Input data: Begin

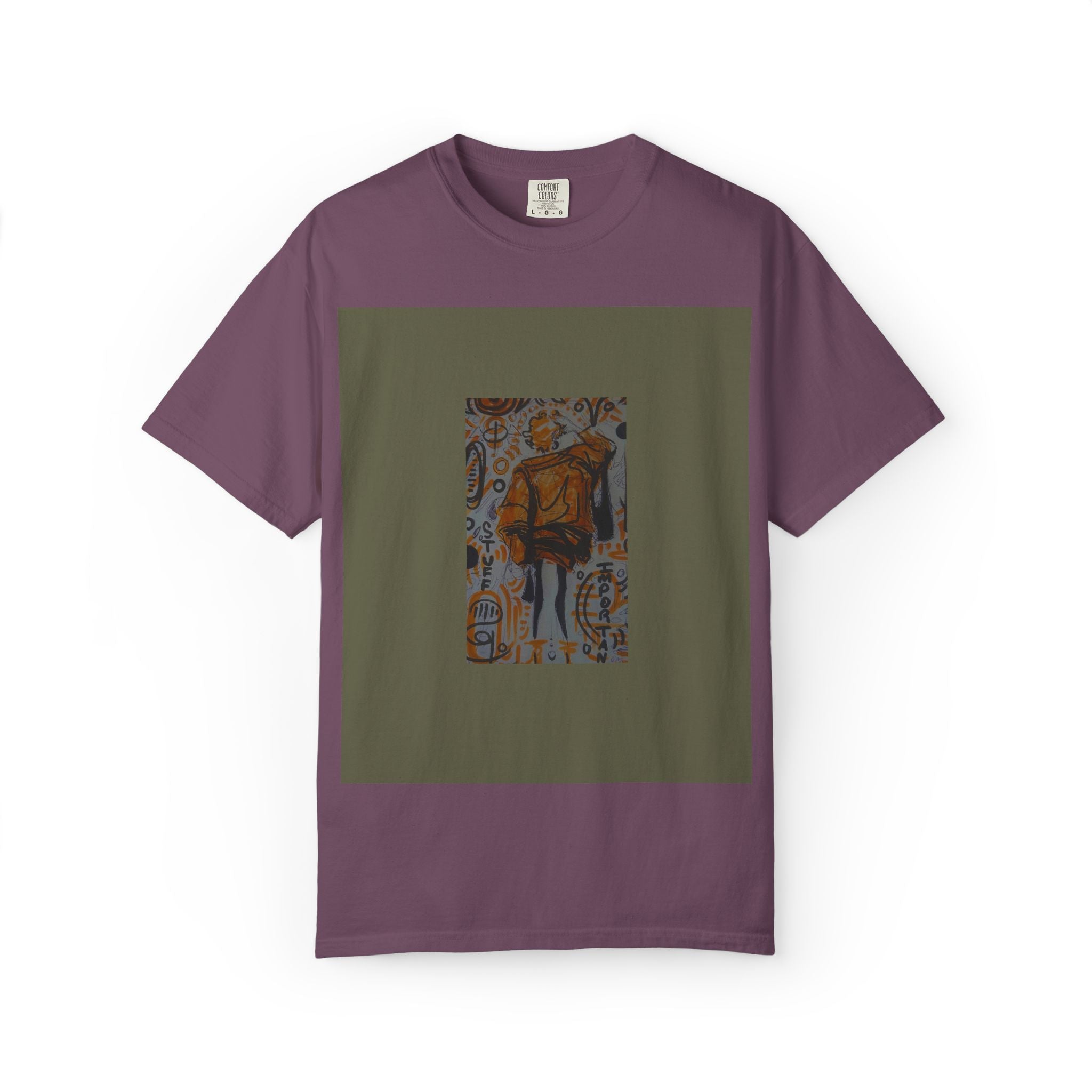 Simple design, alt, Unisex Garment-Dyed T-shirt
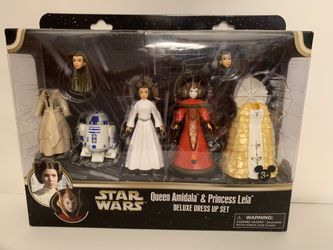 Queen Amidala /Princess Leia Deluxe Dress Up Playset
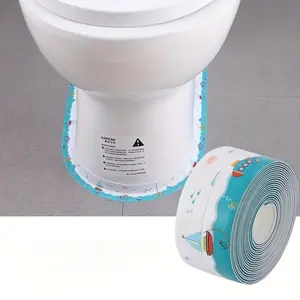 1roll Self-Adhesive Bath & Toilet Caulk Tape Sealant Strip - Easy-to-Apply Tub and Wall Sealing Tape Caulk Sealer - For Sink, Bathroom, Toilet, Bathtub Floor Wall Edge Protector, Aesthetic Room Decor, Home Decor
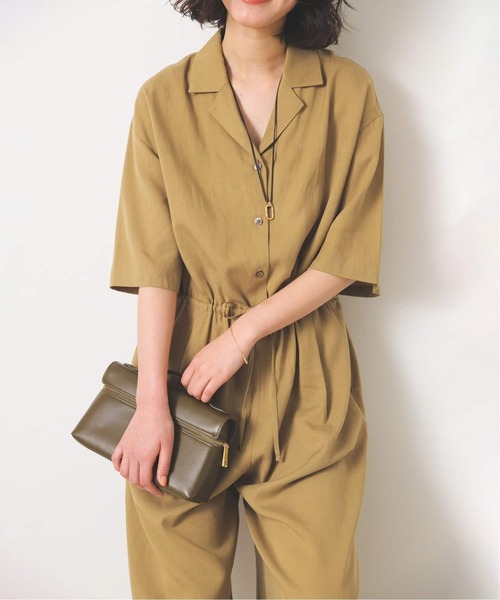 WEB限定/追加》ハーフスリーブオールインワン（つなぎ/オールインワン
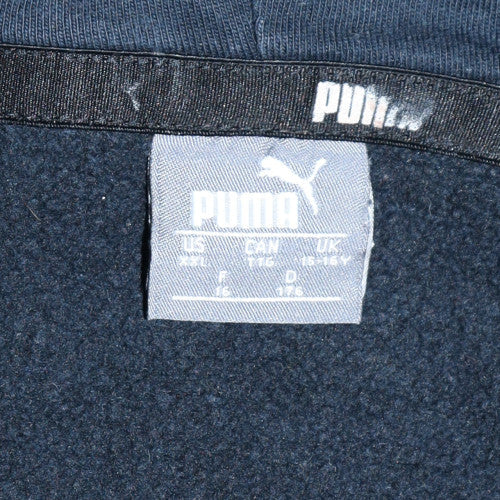 Puma Boys Black Pullover Hoodie Fleece Regular Fit 14 Years - Image 5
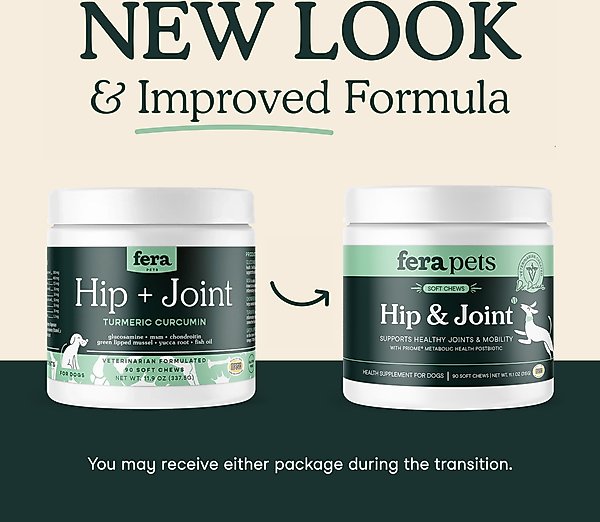 Show full view: Fera Pets Hip & Joint Soft Chew Supplement for Dog, 90 count slide 2 of 11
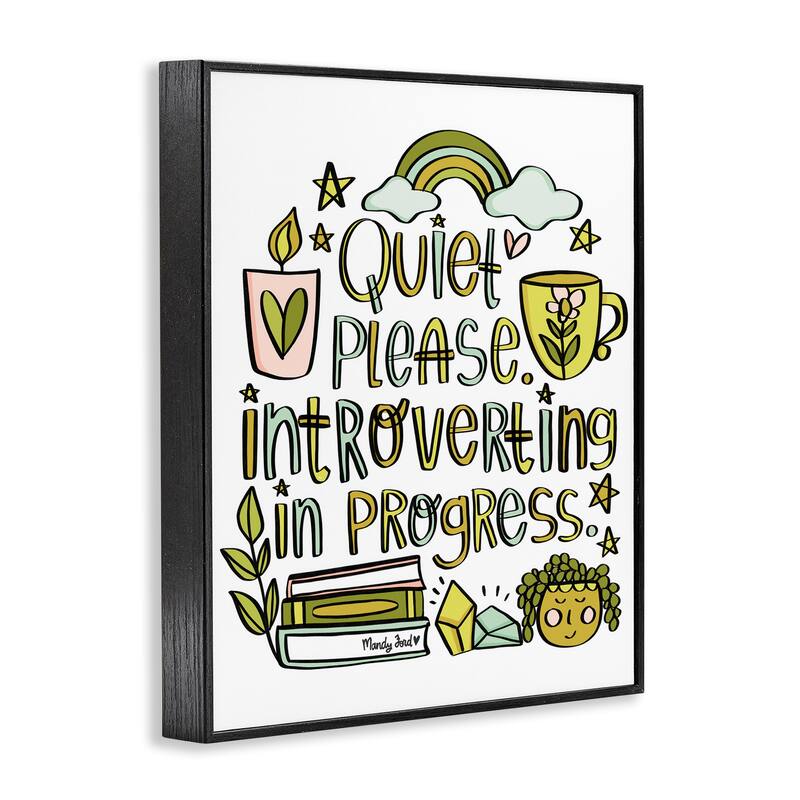 Stupell Introverting In Progress Framed Giclee Art Design By Mandy Ford Art + Illustration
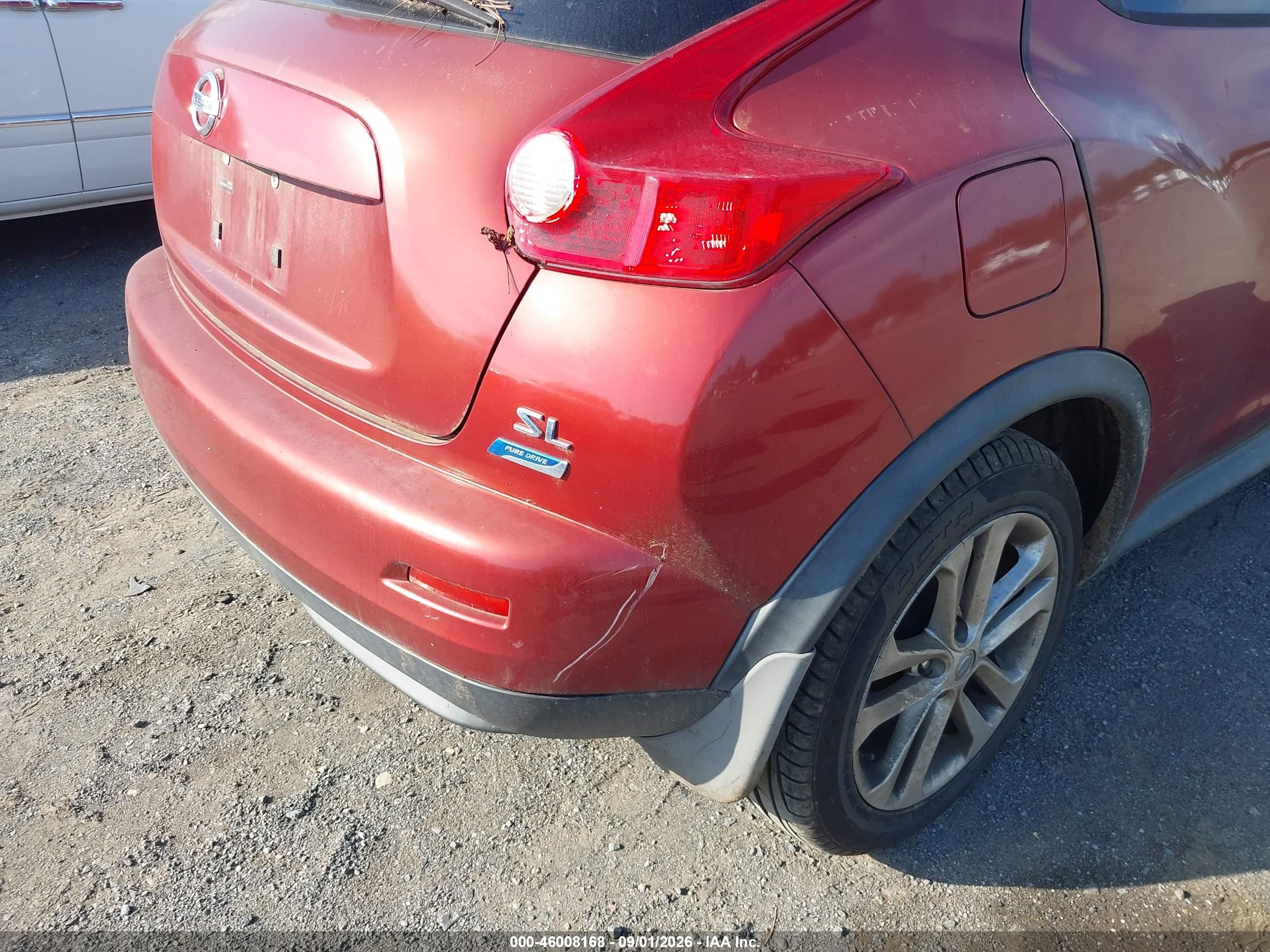 2012 Nissan Juke Sl Red vin: JN8AF5MR1CT103976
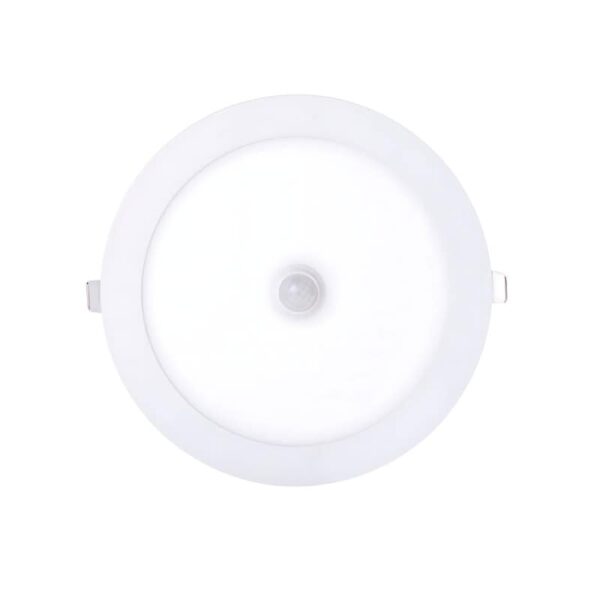 Painel LED Redondo Encastrar com Sensor Movimento 18W 4200/6500K CRI>80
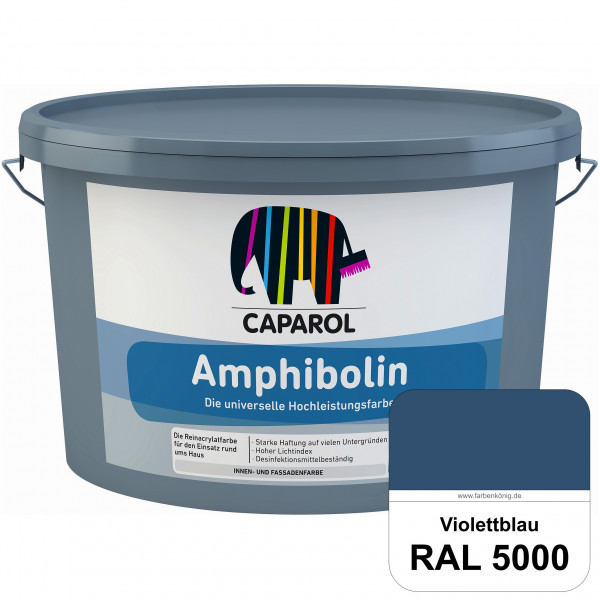 Amphibolin (RAL 5000 Violettblau) Universalfarbe auf Reinacrylbasis innen & außen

Input data: End

- [Task to carry out]: Write out word for word every line from the line with "Puma Boys Black" through the final line of the records, both included, skipping the pictures.

- [Your response]:
 Puma Boys Black Pullover Hoodie Fleece Regular Fit 14 Years - Image 5
 Show full view: Fera Pets Hip & Joint Soft Chew Supplement for Dog, 90 count slide 2 of 11
 Stupell Introverting In Progress Framed Giclee Art Design By Mandy Ford Art + Illustration
 2012 Nissan Juke Sl Red vin: JN8AF5MR1CT103976
 Painel LED Redondo Encastrar com Sensor Movimento 18W 4200/6500K CRI>80
 Amphibolin (RAL 5000 Violettblau) Universalfarbe auf Reinacrylbasis innen & außen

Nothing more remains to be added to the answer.